Tampoco habíamos visto un negro en nuestra vida. África era selva y leones,
América del Norte, indios y bisontes. Colón en el Sur, con muchos relatos de la
Conquista, de los mayas y los incas. Y Asia… la China misteriosa y el Japón de
los samuráis. Ni rastro de Australia y mil sueños de aventuras por los mares
del Sur. Ya había visitado la Isla del y las junglas de Salgari y los desiertos
de Lawrence de Arabia, y las profundidades de la tierra que Julio Verne situó
en un volcán de la remota Islandia.
Quedaban
aún muchas hojas blancas en el pasaporte. Faltaban muchas lecturas que anotar,
con su sello correspondiente. Y viajé a la Macedonia de Alejandro a lomos de
Bucéfalo, pasando por el Olimpo, en la
etapa en que me dio por la mitología. Y por la Inglaterra victoriana del brazo de
Miss Marple en cualquiera de las novelas de Agatha Christie; y a la Rusia
atormentada de Tolstoi y Dostoievski. Y más cerca, pero en un camino igual de
fascinante, que me llevó a fascinante Salamanca de los pícaros españoles, a la
gruta de Segismundo, a la Fuenteovejuna de Lope o al polvo enamorado de Quevedo
flotando entre la Corte y el exilio.
Viaje
fantástico al realismo mágico sudamericano, a los Andes de Lituma y a mi
Macondo añorado, al que siempre vuelvo; al espejo de Borges, y a jugar a la
Rayuela con Cortázar; a las guerras de
Hemingway y a Cuba, a bordo del Pilar, para ayudar al Viejo a pescar el pez.
Vuelo
exprés al almendro de nata con Miguel Hernández, y al olmo viejo con Machado, a
Isla Negra con Neruda, a la alegría con Benedetti...A la Barcelona de Mendoza y
Vázquez Montalbán, al Japón de Murakami, a Nueva York con Auster y a la
impecable Escandinavia con los nuevos maestros de la novela negra.

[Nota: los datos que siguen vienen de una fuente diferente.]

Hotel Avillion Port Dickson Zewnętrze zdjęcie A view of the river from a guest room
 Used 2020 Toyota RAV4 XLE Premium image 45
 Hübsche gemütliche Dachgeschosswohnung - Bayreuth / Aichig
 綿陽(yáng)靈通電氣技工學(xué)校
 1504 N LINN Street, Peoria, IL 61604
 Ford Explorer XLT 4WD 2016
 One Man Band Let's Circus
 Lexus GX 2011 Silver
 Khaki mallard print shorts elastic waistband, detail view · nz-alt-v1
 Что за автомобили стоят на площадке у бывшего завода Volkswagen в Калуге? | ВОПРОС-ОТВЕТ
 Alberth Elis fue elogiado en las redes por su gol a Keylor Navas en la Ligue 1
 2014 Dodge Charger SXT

Decía Cortázar, que “los libros van siendo el único lugar de la casa donde
todavía se puede estar tranquilo”. Entendiendo por casa, claro está, la vida y sus azares. Y qué razón tenía. Sigo de
viaje. Sin patria y sin visados, porque los libros no entienden de fronteras, y
te llevan más lejos que cualquier medio de transporte por supersónico que sea.